Durant huit jours, fin juin, j’ai vécu une merveilleuse semaine de méditation à Aussois en Savoie. Sous la conduite d’Hélène Lathuraz, responsable « Laudato Si » pour le diocèse de Namur, nous étions onze personnes venant des quatre coins de la Wallonie et du Brabant.
Covoiturage écologique pour s’y rendre ou circuler sur place, la semaine a été un long et profond émerveillement de la Création, notre Maison commune. Tout est lié. La Création est un geste d’amour à toute l’humanité d’un Dieu qui nous aime et nous en a fait le don. Entre projections vidéo le matin avant de partir, marche avec explications botaniques et doucement scientifiques sur la nature montagnarde, et méditations dirigées par moment et silencieuses en d’autres moments, nous entrions progressivement dans le sein divin de cette mystique de la Création : la Parole de Dieu, le Verbe présent à tous.
Au départ, se mettre en route car : LS (Pour Laudato Si) 217 : « S’il est vrai que les déserts extérieurs se multiplient dans notre monde, parce que les déserts intérieurs sont devenus très grands, la crise climatique …. ». Ensuite l’émerveillement et l’entrée dans la gratitude (Ps 103) devant la Création. Puis, vient le soin à la Création, être à l’écoute à la fois de la clameur de la terre et à la fois de la clameur des pauvres (LS 19). Se reconnecter à la Création amène à la communion universelle.

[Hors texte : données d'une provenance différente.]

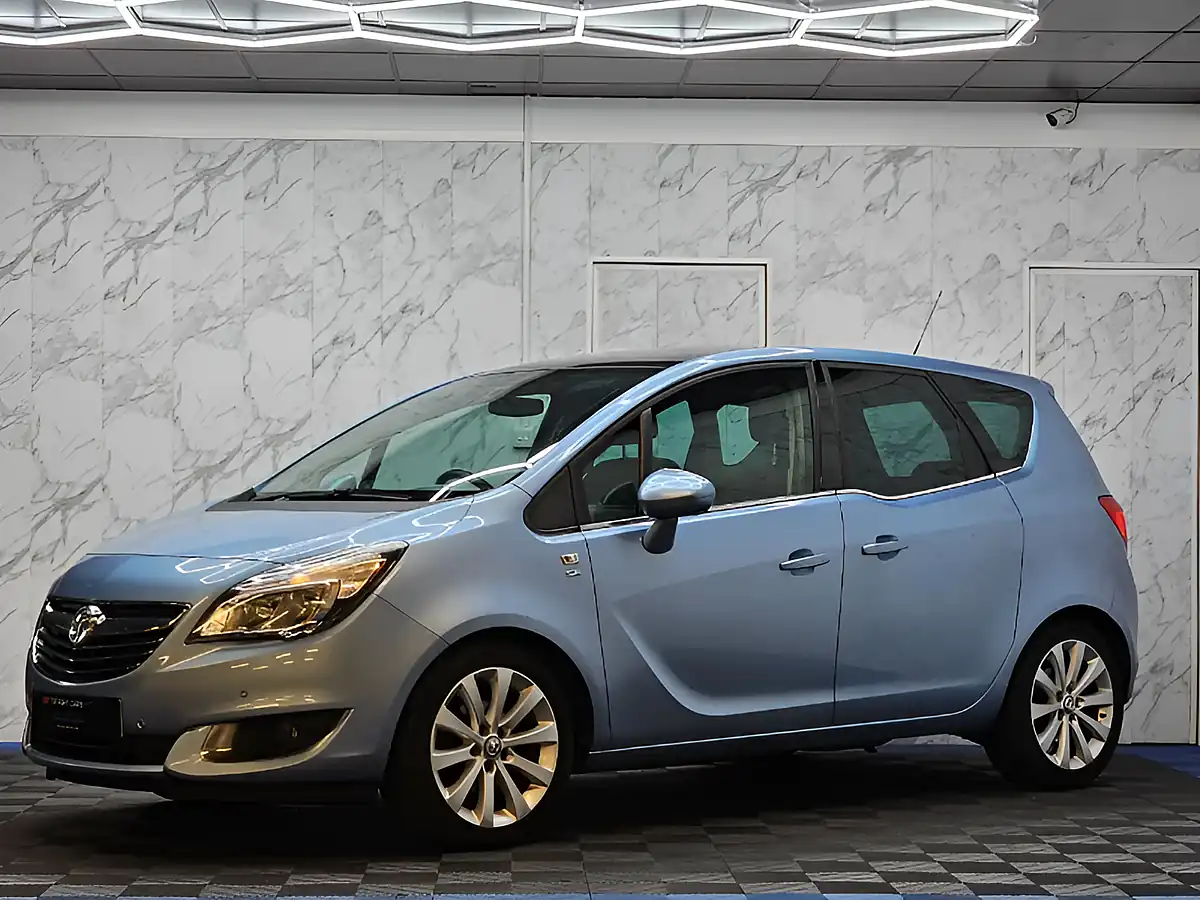 Used 2014 Vauxhall Meriva Se Blue - Interior and Exterior details 3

Nous vivons une journée entière à « Rêver » avec le prophète Isaïe : « Le loup habitera avec l’agneau. Et la panthère se couchera avec le chevreau… » (Is 11, 6-9). Dans le plan de Dieu-Trinité, tout est possible. C’est l’eschatologie où nous sommes invités à entrer par le Verbe de Dieu ressuscité. Pour terminer cette semaine méditative : changer, se changer, changer d’attitude vis-à-vis de la Création. Le soir, lors de l’eucharistie célébrée ensemble autour de Fernand, prêtre, le partage dans le respect de chacun nous amenait une respiration spirituelle où nous montions vers le soin à accorder à la Maison commune et aux pauvres. Durant la journée, en effet, il y avait eu du contenu humain et spirituel que nous déposions maintenant sur l’autel. Le repas pris en commun était végétarien et fait de produits locaux sous la houlette de Nicolas, cuisinier hors pair. Moi qui suis un carnivore, j’en suis revenu emballé.

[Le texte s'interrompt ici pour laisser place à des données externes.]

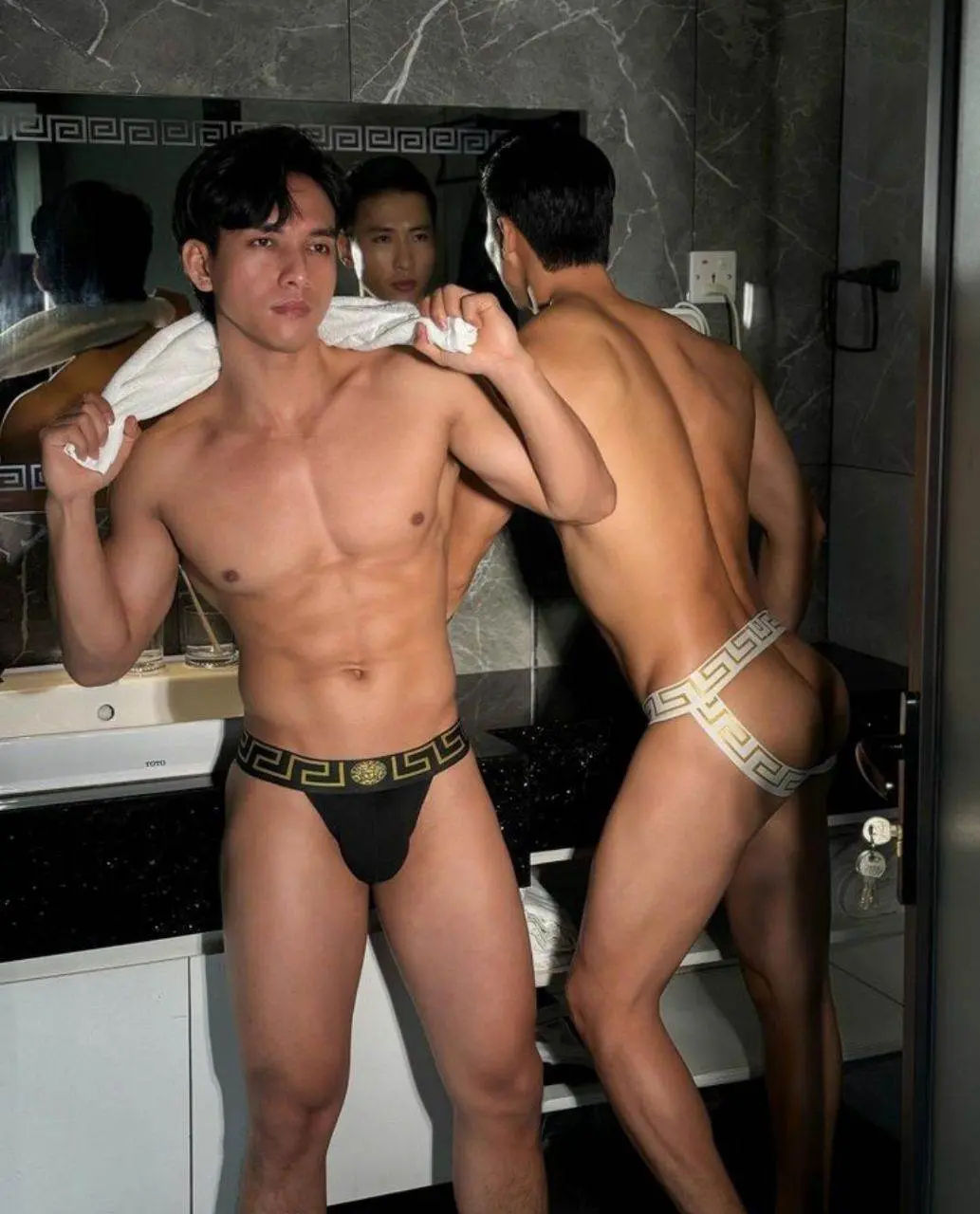 นายแบบเพื่อนำบ้าน จากเวียดนาม.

C’était une belle et grande expérience que je ramène dans mon sac à dos et que je vous ouvre maintenant. J’en suis revenu transformé et aussi grandi grâce à mes compagnons. A notre retour, nous étions comme Pierre, Jacques et Jean après la transfiguration du Seigneur : ébahis, transformés. A l’un de nous qui me pose la question : « Tu vas continuer à regarder les fleurs pendant encore une semaine ! », je réponds : « Elles seront aussi belles mais n’auront pas le même goût ».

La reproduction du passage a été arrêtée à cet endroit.